- **Task to carry out**
In the material below, print every line exactly and omit the pictures.
-- Opening Marker --
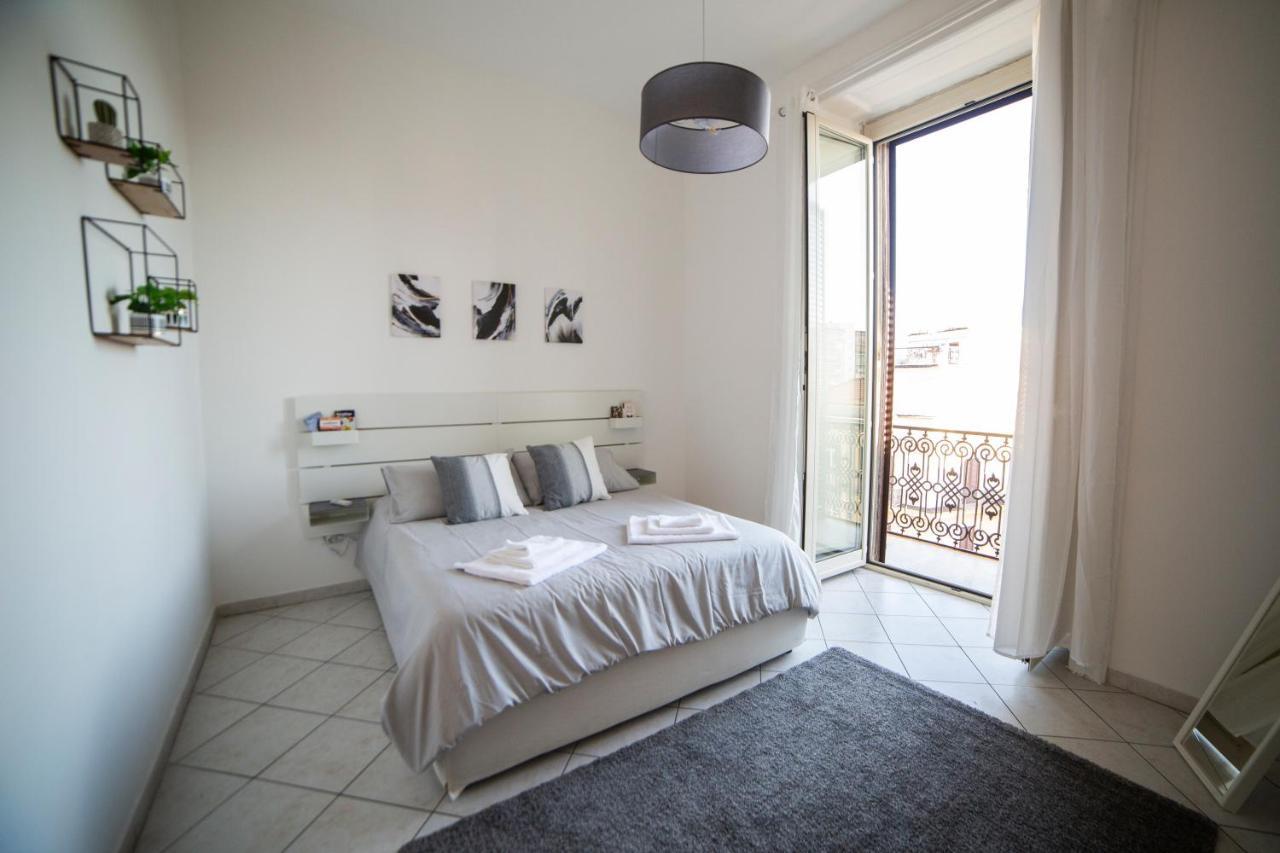 Bnb Al Centro E Meglio, Napoli Apartman Kültér fotó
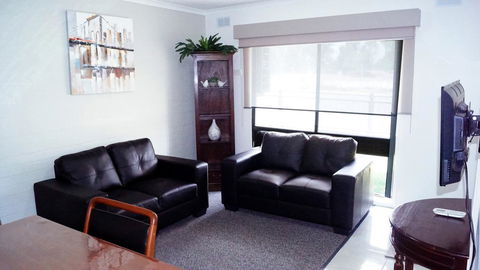 Maude St Apartments - New South Wales Tourism  2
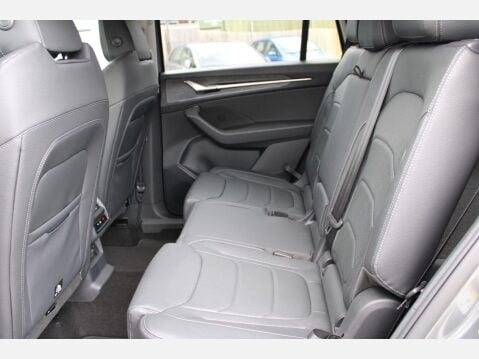 Skoda Kodiaq 2.0 TDI SE L DSG 4WD Euro 6 (s/s) 5dr (7 Seat) 12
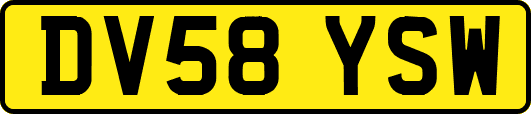 DV58YSW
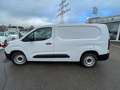 Fiat Doblo Kastenwagen L2 1.5 BlueHDi 96 kW Automatik Weiß - thumbnail 4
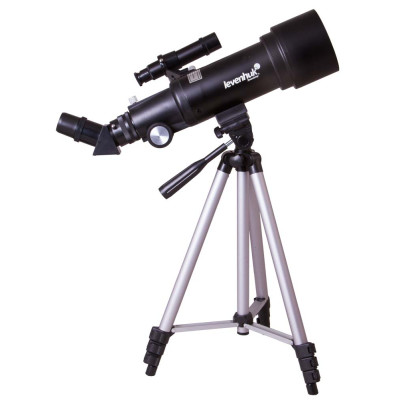 Telescope Levenhuk AC 70/400 Skyline travel AZ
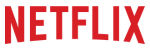 logo netfix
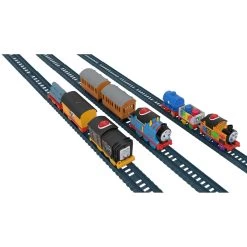 Thomas & Friends Motorised Talking Diesel -Children's Toy Store Thomas FriendsMotorisedTalkingDiesel3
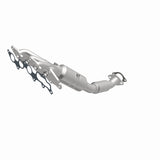 MagnaFlow Conv DF 08-09 Ford Focus 2.0L - 49139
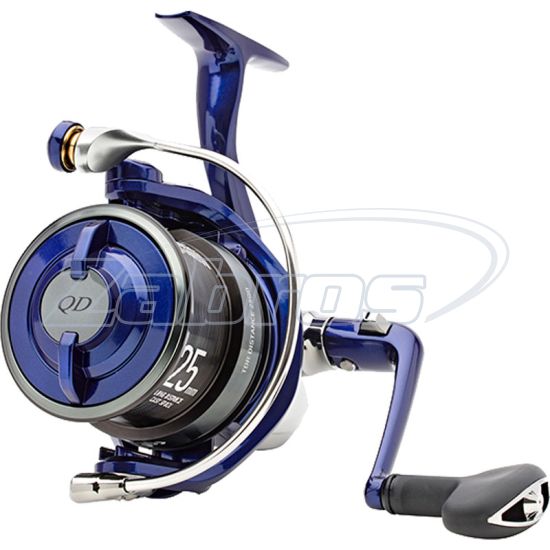Ціна Daiwa 23 TDR Distance 25 QD (10922-026)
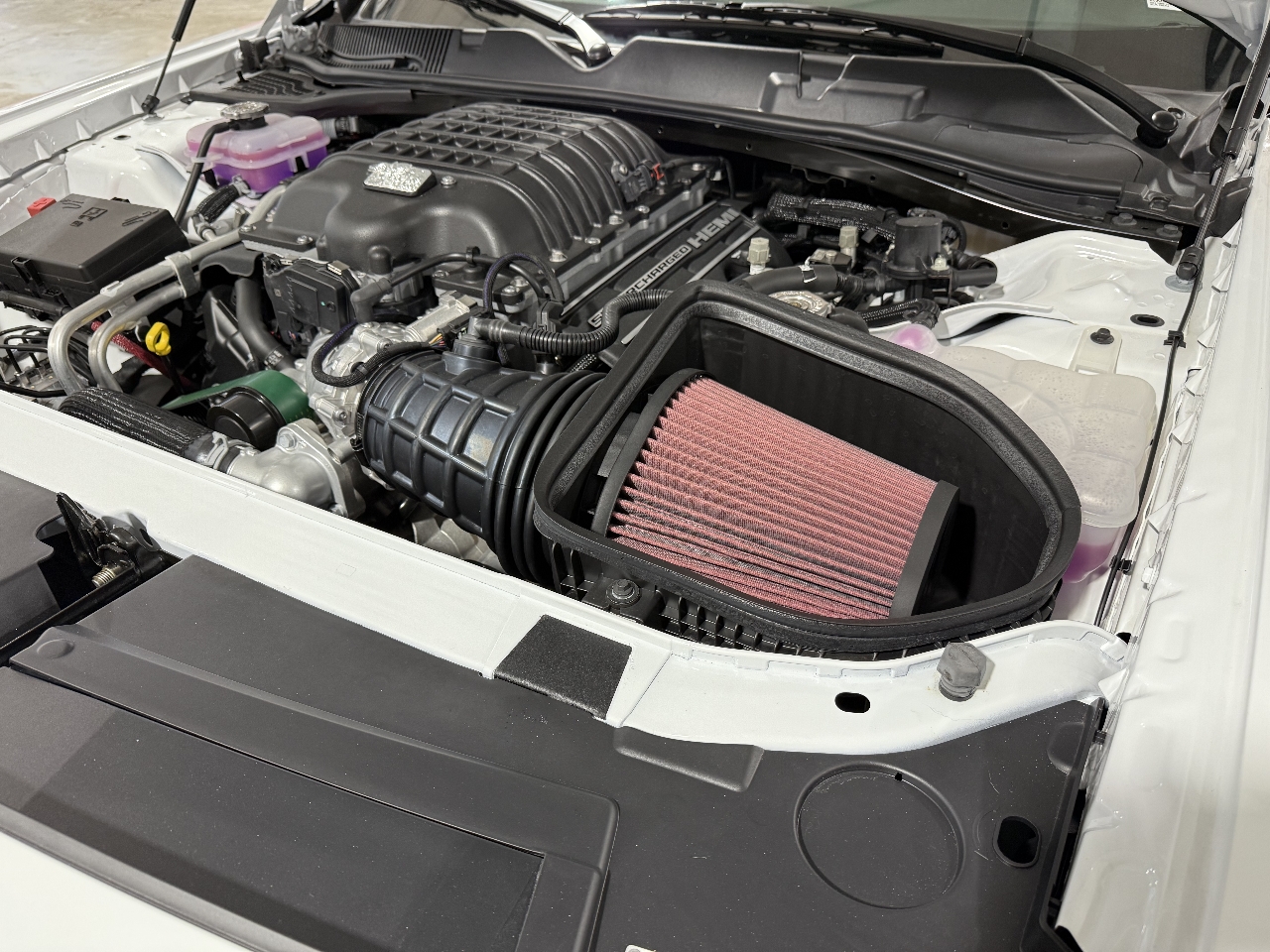 Dodge Challenger  2023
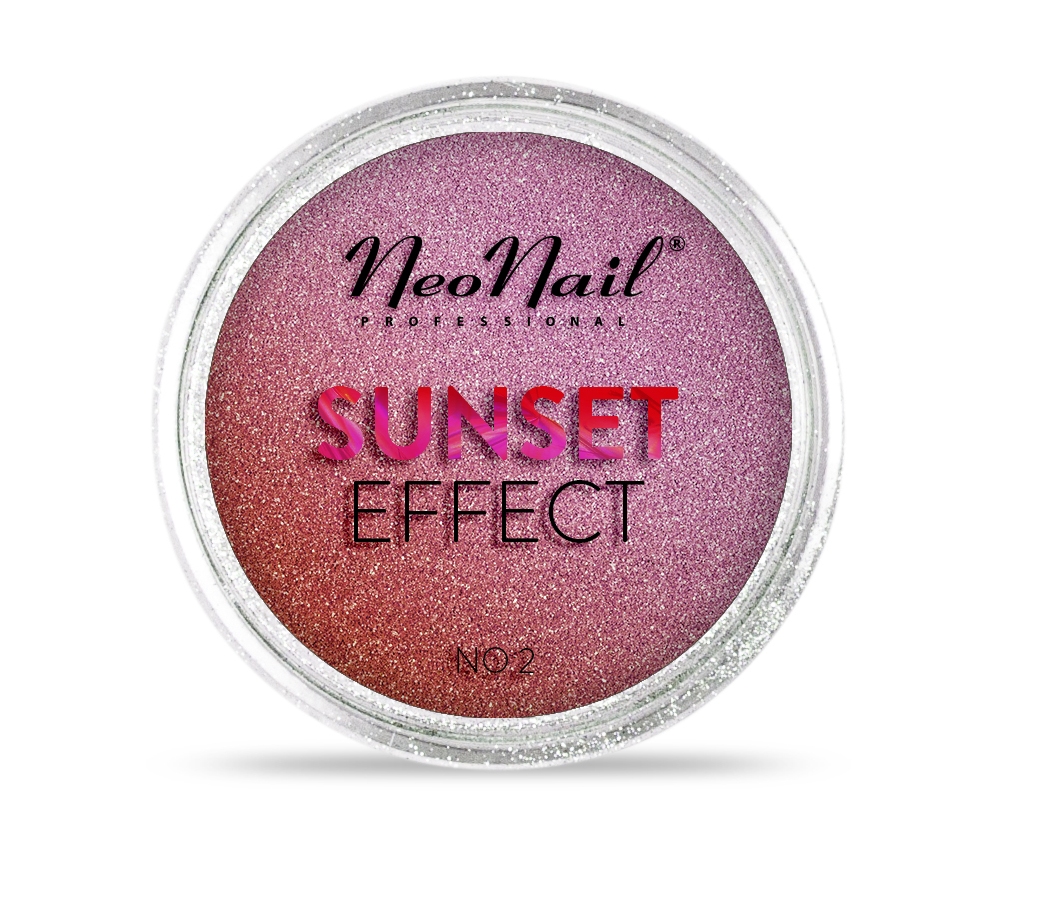 

Neonail Pyłek Sunset Effect No. 02 0,3G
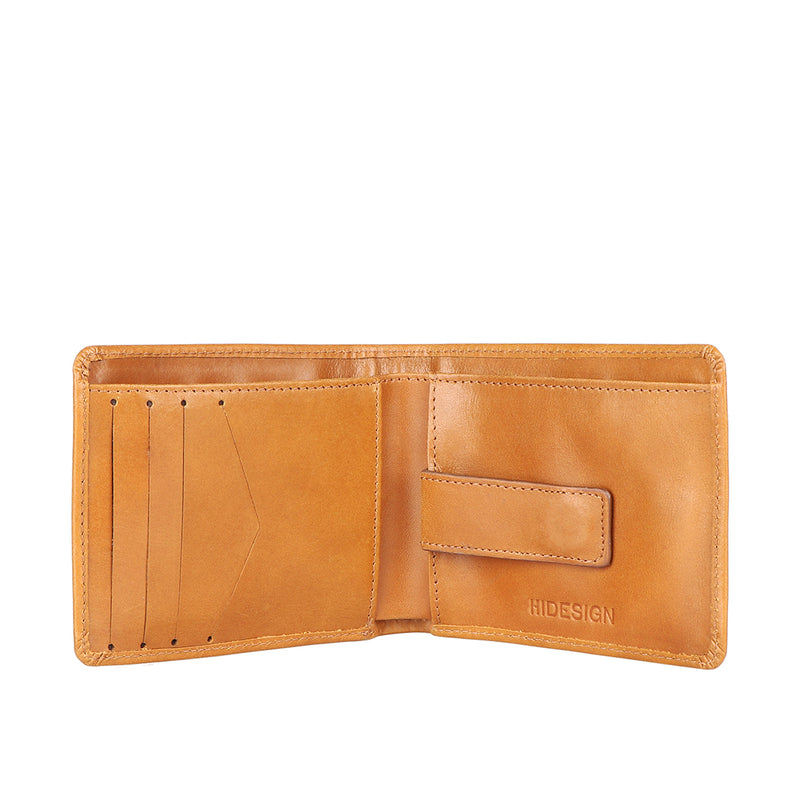 EE MYW-05 RF BI-FOLD WALLET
-- Closing Marker --
- **Problem solution**
 Bnb Al Centro E Meglio, Napoli Apartman Kültér fotó
 Maude St Apartments - New South Wales Tourism  2
 Skoda Kodiaq 2.0 TDI SE L DSG 4WD Euro 6 (s/s) 5dr (7 Seat) 12
 DV58YSW
 Fiat Doblo Kastenwagen L2 1.5 BlueHDi 96 kW Automatik Weiß - thumbnail 4
 Telescope Levenhuk AC 70/400 Skyline travel AZ
 logo netfix
 Thomas & Friends Motorised Talking Diesel -Children's Toy Store Thomas FriendsMotorisedTalkingDiesel3
 MagnaFlow Conv DF 08-09 Ford Focus 2.0L - 49139
Ціна Daiwa 23 TDR Distance 25 QD (10922-026)
 Dodge Challenger  2023

Neonail Pyłek Sunset Effect No. 02 0,3G
 EE MYW-05 RF BI-FOLD WALLET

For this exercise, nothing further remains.